■ Exercise ■
From the line that contains "Popliteus Tendinitis Symptoms" down to the last line of the entries, please return everything exactly, except the pictures.

■ Records for the task ■
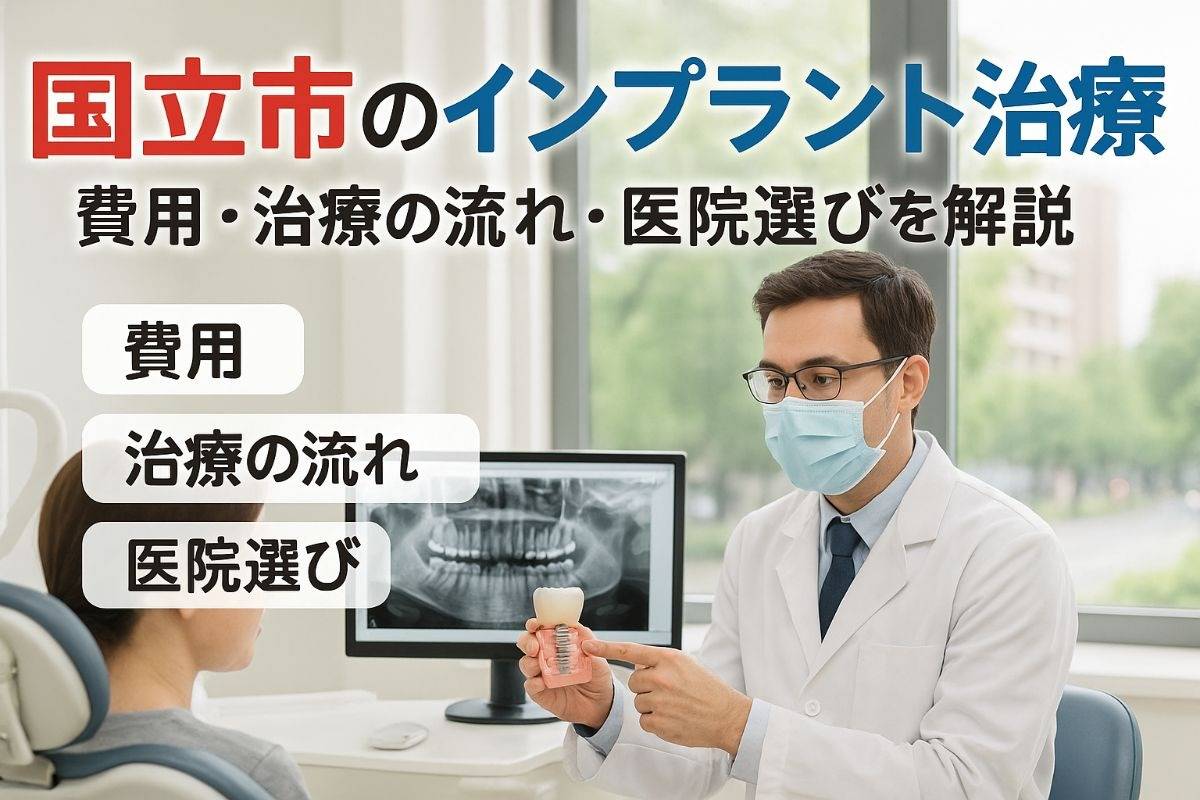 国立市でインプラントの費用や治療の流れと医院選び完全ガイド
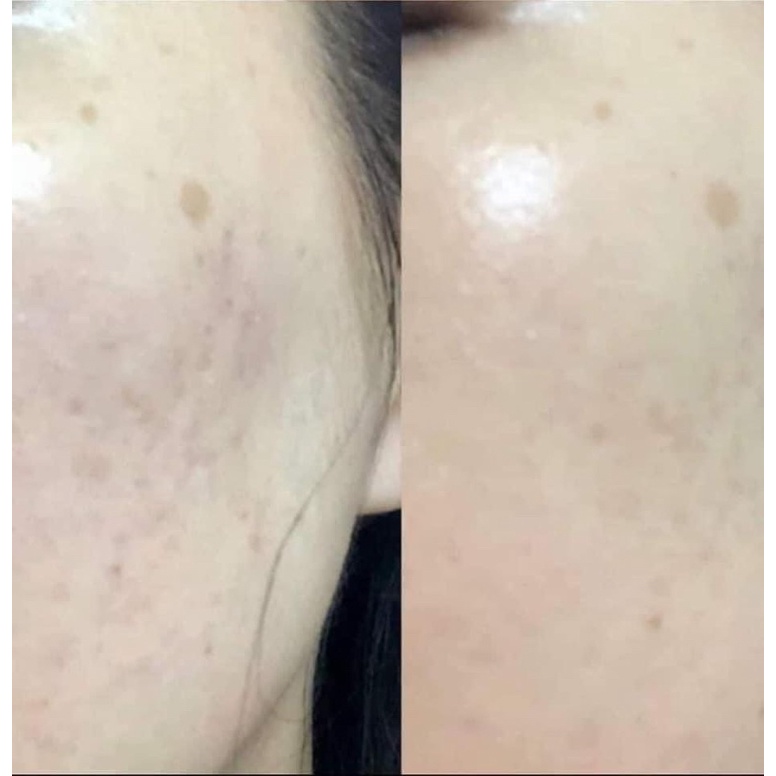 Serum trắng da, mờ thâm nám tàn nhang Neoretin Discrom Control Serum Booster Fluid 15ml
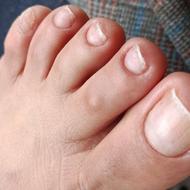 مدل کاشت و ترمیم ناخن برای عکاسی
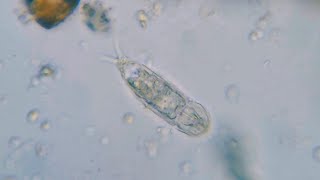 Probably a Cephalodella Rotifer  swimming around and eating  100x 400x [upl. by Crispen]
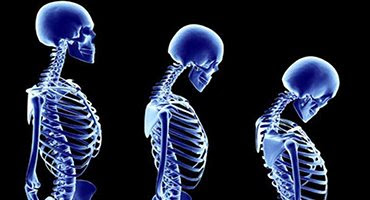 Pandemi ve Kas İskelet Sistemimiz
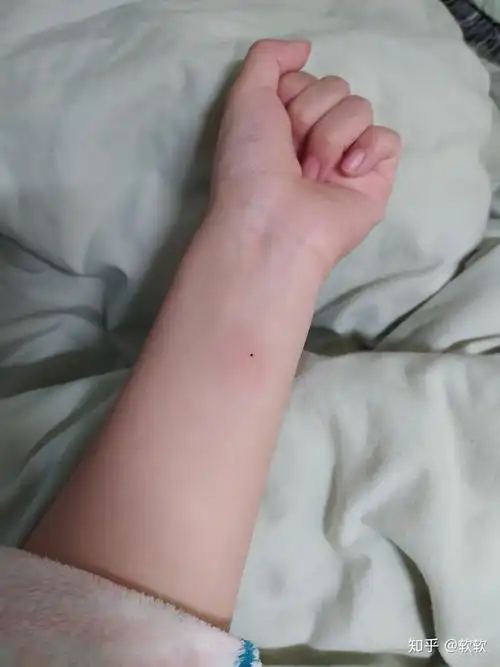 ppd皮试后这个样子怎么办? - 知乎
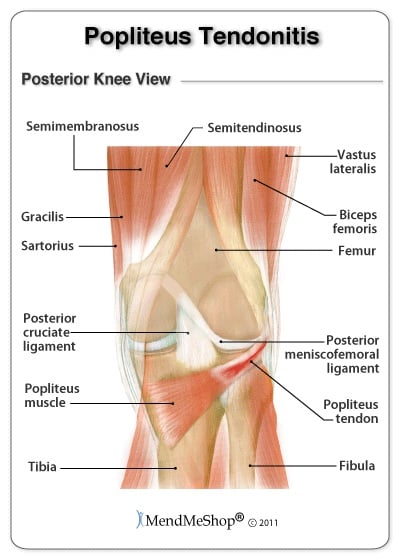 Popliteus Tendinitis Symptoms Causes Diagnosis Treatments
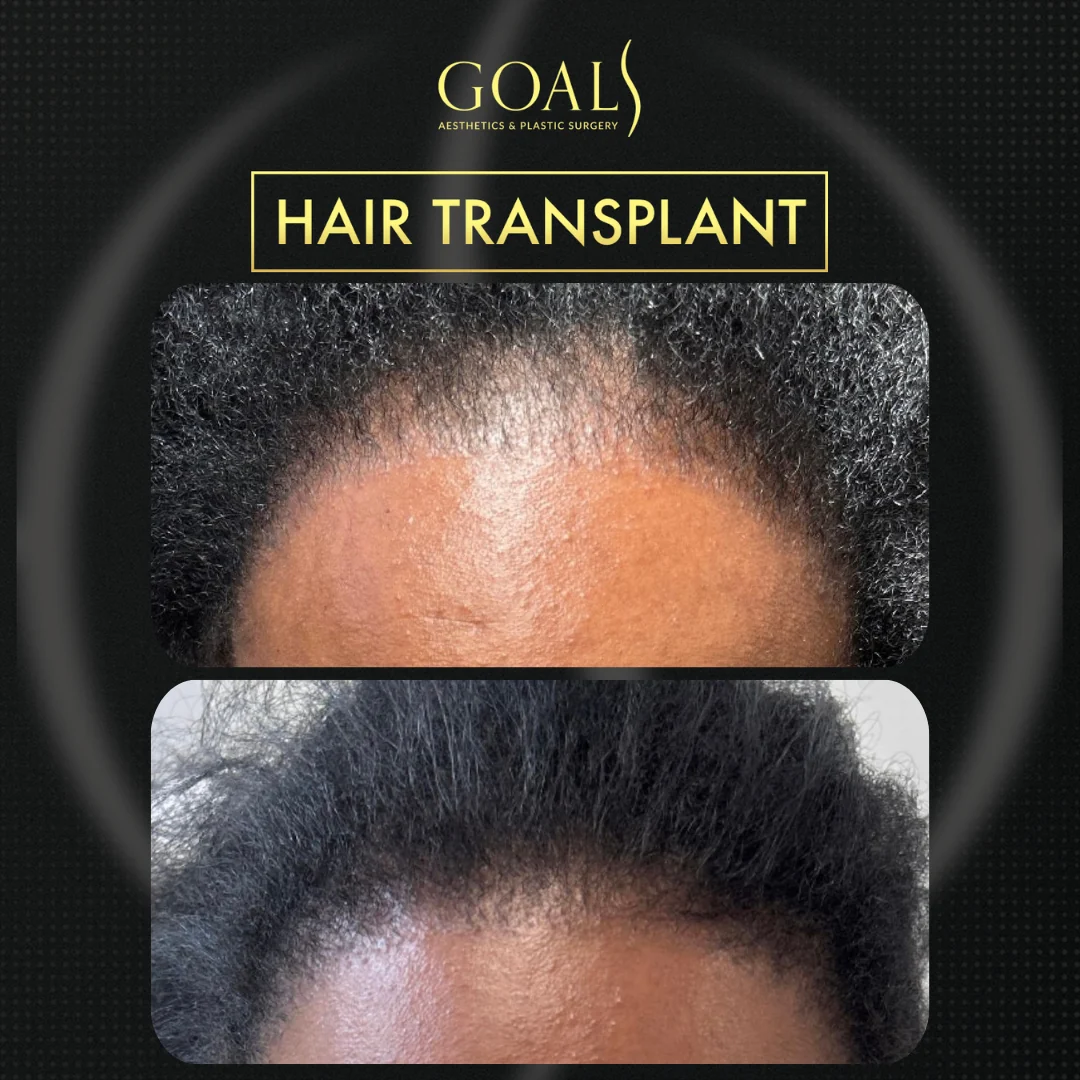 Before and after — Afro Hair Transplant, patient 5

■ Result for this exercise ■
 Popliteus Tendinitis Symptoms Causes Diagnosis Treatments
 Before and after — Afro Hair Transplant, patient 5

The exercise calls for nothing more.